E proprio nella parte finale del libro, Lerner ci parla della questione poetica dentro la prosa, facendoci intuire che quanto più la poesia sembra rarefarsi in uno stile narrativo e piano, e porta gli esempi della scrittura di Claudia Rankine, proprio là sembra rispuntare con i suoi accenti liricizzanti, apodittici e metafisici: “…Ciò che trovo nella Rankine è la sensazione che le categorie liriche tradizionali non siano più disponibili: l’ordine di leggere la sua scrittura come poesia, ed in particolar modo come poesia lirica, provoca l’esperienza tangibile di quella perdita… e mi sembra significativo che in Citizen, an american Lyric (titolo di una sua opera) la barra compare spesso a seguire o separare brani di prosa in cui si potrebbe leggere…della presenza fantasmatica dei versi stessi…”. Che la storia del verso, così come l’abbiamo intesa per millenni, con i suoi variegati stilemi sia satura?
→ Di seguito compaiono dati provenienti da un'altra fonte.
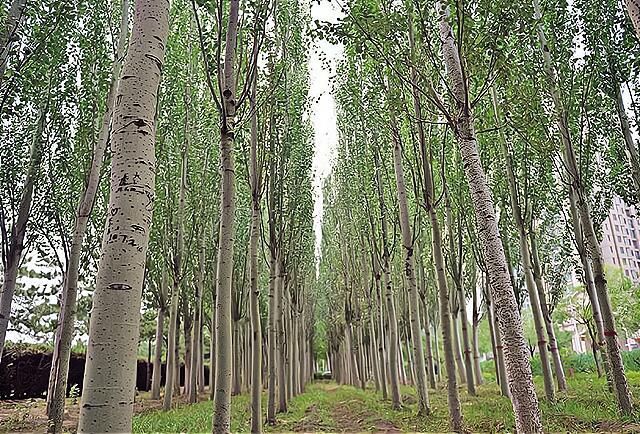农村不提倡种植杨树,部分地区大量采伐杨树,原因为啥呢? - 知乎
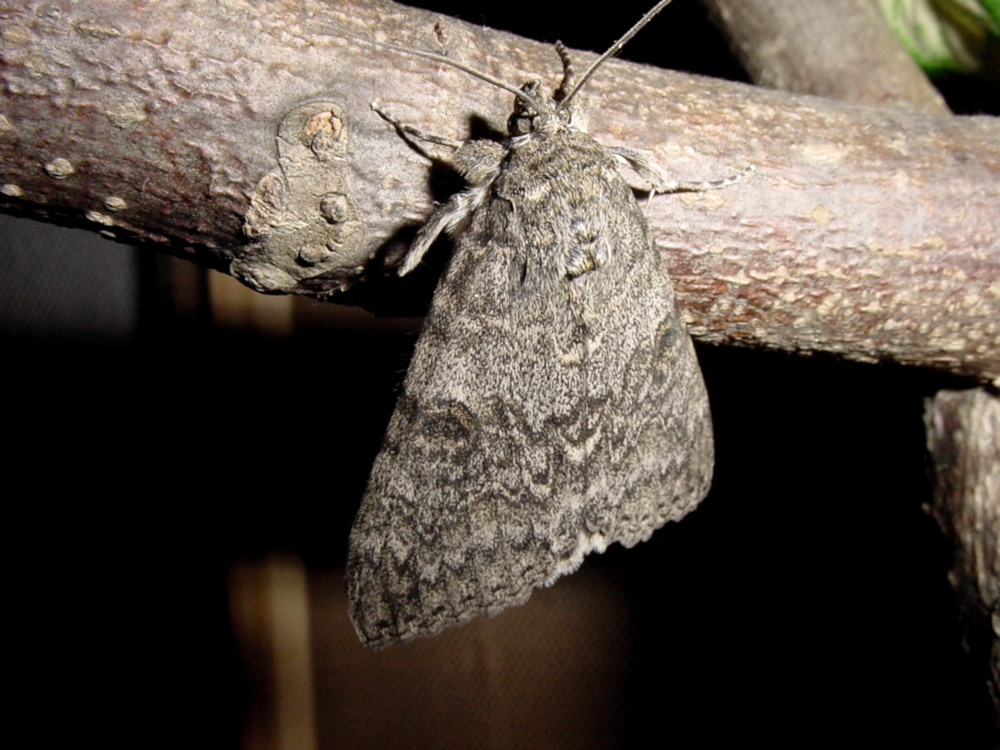 Bild Nr.08874 zum Vergrößern klicken Bild Nr.08874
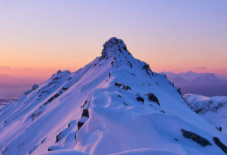 腾讯强势孵化自己的新东方、好未来，企鹅辅导发布在线大语文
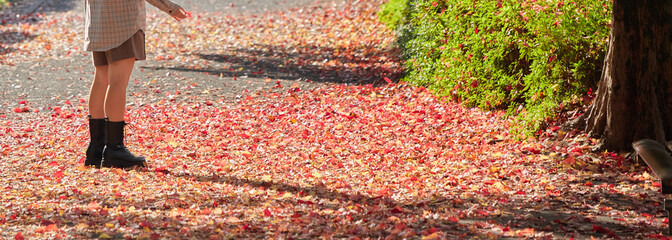 Wall Mural - 秋の公園の赤色の紅葉の落ち葉の道を散歩する若い女性の様子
Che la forma di scrittura spirituale ed emozionale per eccellenza forse stia battendo un colpo innanzi alla rivoluzione mediatico tecnologica? Questo originale pensiero della Poesia irraggiungibile, ma pensabile in astratto, che fu tra l’altro anche dentro la speculazione poetica di un Montale: “…/Vissi al cinque per cento, non aumentate/la dose. Troppo spesso invece piove/sul bagnato./” va a rafforzare le teorie critico-speculative postulanti la reimmissione di quest’arte dentro altre forme di scrittura: quella narrativa certo, ma forse anche quella saggistica, di cui abbiamo già lucenti tracce nel Novecento.

 

Forse la poesia rientrerà nel corpo nuovo postmoderno sotto forma di lacerti, parole-batteri che possono stazionarvi e lasciare ancora una strana ombra nei suoi occhi così fuggevoli e digitalmente lontani. E certo per fare una poesia che più si avvicini alla Poesia, dice Lerner nella parte finale, occorre essere un po’ bambini (si ricordi il gran saggio pascoliano, di un altro tempo, sul fanciullino): “…Vi chiedo di tornare con la memoria a quella originaria instabilità linguistica, all’idea del linguaggio come forza creativa e distruttiva…e nella nostra esperienza questo potere lo sentiamo sempre più allontanarsi oppure siamo noi che ce ne allontaniamo…”. Ecco i due poli fondativi del libro: fare poesia mantenendo lo stupore del bambino, e fare poesia nella consapevolezza di creare uno spazio, una possibilità, per il lettore e per il poeta, di pensare la presenza di quelle “melodie mai ascoltate” e che mai però si ascolteranno.

 

Forse questo saggio, nella sua requisitoria contro ogni poesia ordinaria colpevole di imperfezione, fa una delle più originali difese della Poesia come forma d’arte imprescindibile per l’uomo, anche se da sempre messa all’indice se non da parte, proprio come detto, per la sua natura volatile ed eterea, non definibile una volta per sempre, forse perché il proprio del linguaggio poetico è l’alterità, lo scarto dalla norma linguistica, la cosa non è semplicemente presente, è differita, e anche differente. E qui forse c’è già tutto il pensiero di Derrida: la “différance”. Certo compito del poeta vero, sottintende Lerner, è avvicinarsi a quelle melodie il più possibile, come Adam Zagajewski afferma nel suo saggio L’ordinario ed il sublime (Casagrande, 2012): “…Le cose immortali fluttuano nell’aria mescolandosi all’effimero; qualcuno deve separarli…”.